Using Pydantic Models for Structured Input

For more complex scenarios with multiple parameters, validation, and documentation, use Pydantic BaseModel classes. These provide type safety, validation, and automatic schema generation:

from pydantic import BaseModel, Field

class SearchParams(BaseModel):
    query: str = Field(..., description="The search query to execute")
    max_results: int = Field(default=10, description="Maximum number of results to return")
    include_metadata: bool = Field(default=True, description="Whether to include metadata in results")

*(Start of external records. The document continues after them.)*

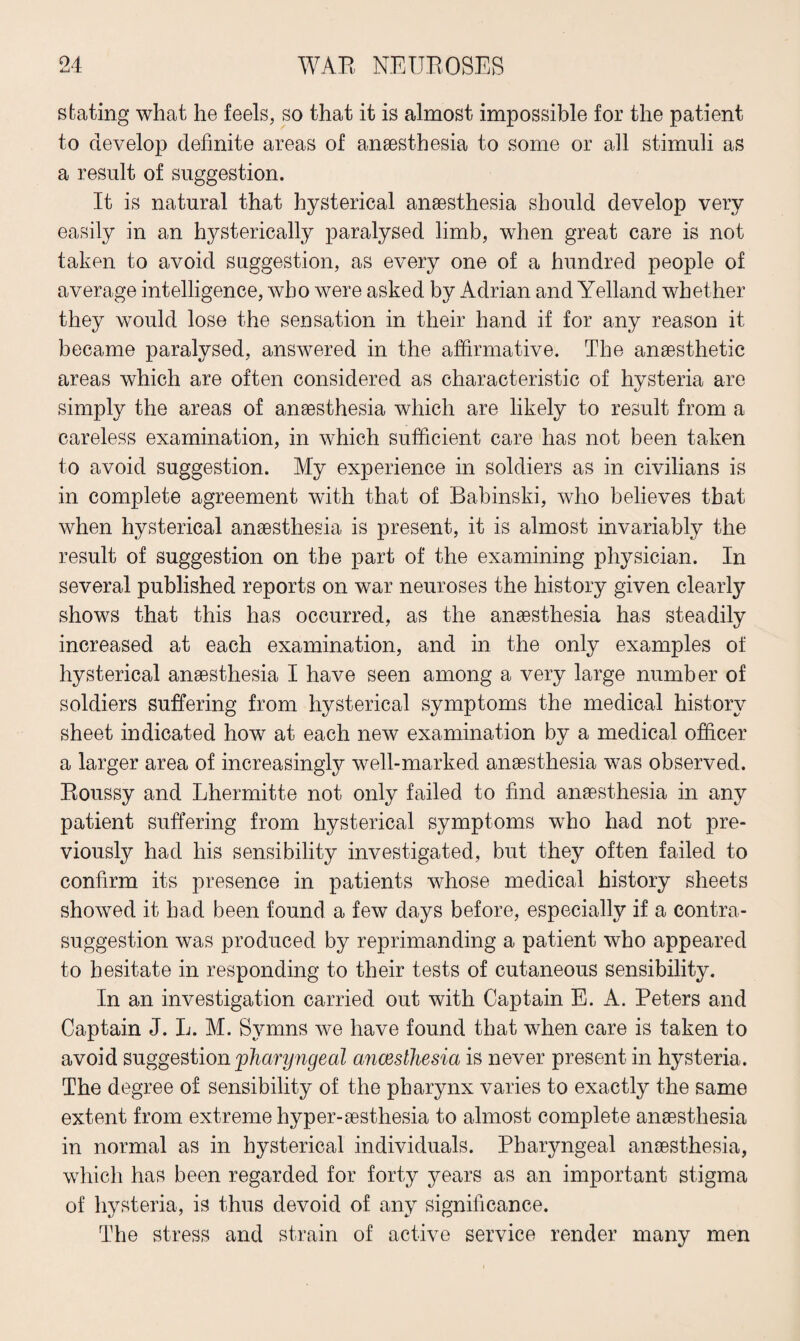 stating what he feels, so that it is almost impossible for the patient to develop definite areas of anaesthesia to some or all stimuli as a result of suggestion. It is natural that hysterical anaesthesia should develop very easily in an hysterically paralysed limb, when great care is not taken to avoid suggestion, as every one of a hundred people of average intelligence, who were asked by Adrian and Yelland whether they would lose the sensation in their hand if for any reason it became paralysed, answered in the affirmative. The anaesthetic areas which are often considered as characteristic of hysteria are simply the areas of anaesthesia which are likely to result from a careless examination, in which sufficient care has not been taken to avoid suggestion. My experience in soldiers as in civilians is in complete agreement with that of Babinski, who believes that when hysterical anaesthesia is present, it is almost invariably the result of suggestion on the part of the examining physician. In several published reports on war neuroses the history given clearly shows that this has occurred, as the anaesthesia has steadily increased at each examination, and in the only examples of hysterical anaesthesia I have seen among a very large number of soldiers suffering from hysterical symptoms the medical history sheet indicated how at each new examination by a medical officer a larger area of increasingly well-marked anaesthesia was observed. Roussy and Lhermitte not only failed to find anaesthesia in any patient suffering from hysterical symptoms who had not pre¬ viously had his sensibility investigated, but they often failed to confirm its presence in patients whose medical history sheets showed it had been found a few days before, especially if a contra- suggestion was produced by reprimanding a patient who appeared to hesitate in responding to their tests of cutaneous sensibility. In an investigation carried out with Captain E. A. Peters and Captain J. L. M. Symns we have found that when care is taken to avoid suggestion 'pharyngeal ancesthesia is never present in hysteria. The degree of sensibility of the pharynx varies to exactly the same extent from extreme hyper-aesthesia to almost complete anaesthesia in normal as in hysterical individuals. Pharyngeal anaesthesia, which has been regarded for forty years as an important stigma of hysteria, is thus devoid of any significance. The stress and strain of active service render many men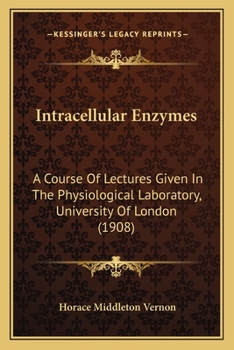 Paperback Intracellular Enzymes: A Course Of Lectures Given In The Physiological Laboratory, University Of London (1908) Book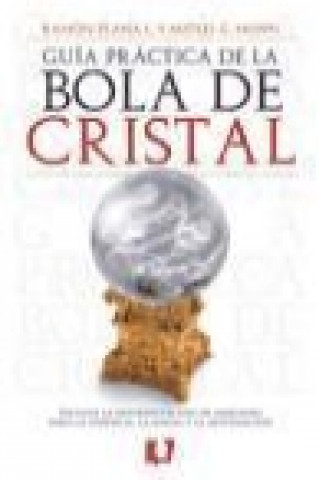 Guía práctica de la bola de cristal : incluye la interpretación de imágenes para la videncia, la magia y la adivinación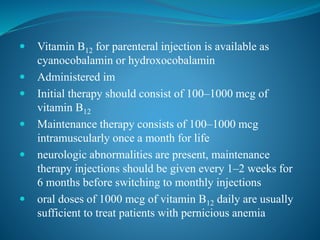  Vitamin B12 for parenteral injection is available as
cyanocobalamin or hydroxocobalamin
 Administered im
 Initial therapy should consist of 100–1000 mcg of
vitamin B12
 Maintenance therapy consists of 100–1000 mcg
intramuscularly once a month for life
 neurologic abnormalities are present, maintenance
therapy injections should be given every 1–2 weeks for
6 months before switching to monthly injections
 oral doses of 1000 mcg of vitamin B12 daily are usually
sufficient to treat patients with pernicious anemia
 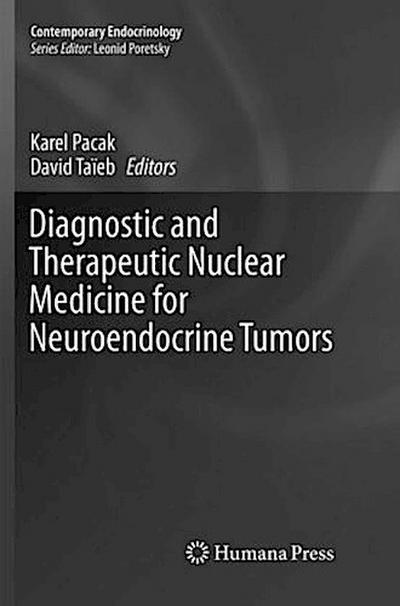 Diagnostic and Therapeutic Nuclear Medicine for Neuroendocrine Tumors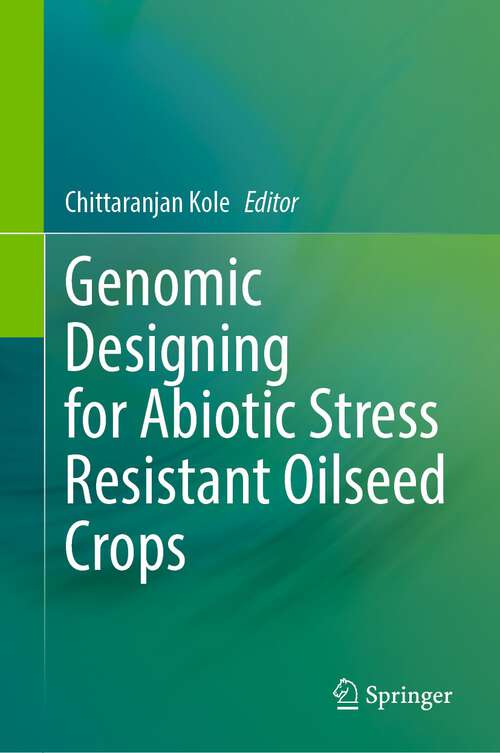Book cover of Genomic Designing for Abiotic Stress Resistant Oilseed Crops (1st ed. 2022)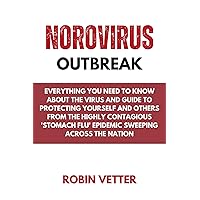 NOROVIRUS OUTBREAK : Everything you Need to know About the Virus and Guide to Protecting Yourself and Others from the Highly Contagious 'Stomach Flu' Epidemic Sweeping Across the Nation NOROVIRUS OUTBREAK : Everything you Need to know About the Virus and Guide to Protecting Yourself and Others from the Highly Contagious 'Stomach Flu' Epidemic Sweeping Across the Nation Kindle Paperback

class SearchAgent(BaseAgent):
    __system_message__ = "I search databases"
    __description__ = "Searches databases with advanced filtering"

    async def __call__(self, params: SearchParams) -> str:
        # Access validated parameters
        results = self.search_db(params.query, params.max_results)
        return f"Found {len(results)} results for '{params.query}'"

class DataAgent(BaseAgent):
    __system_message__ = "I manage data operations"
    searcher: SearchAgent

# The LLM can now call the searcher with structured parameters
result = await data_agent("Find customer records for 'John Smith'")

When using Pydantic BaseModel classes, PyAgentic automatically generates the proper OpenAI tool schema, complete with parameter types, defaults, descriptions, and validation rules. This makes the linked agent's interface clear to the calling LLM and ensures type safety throughout the system.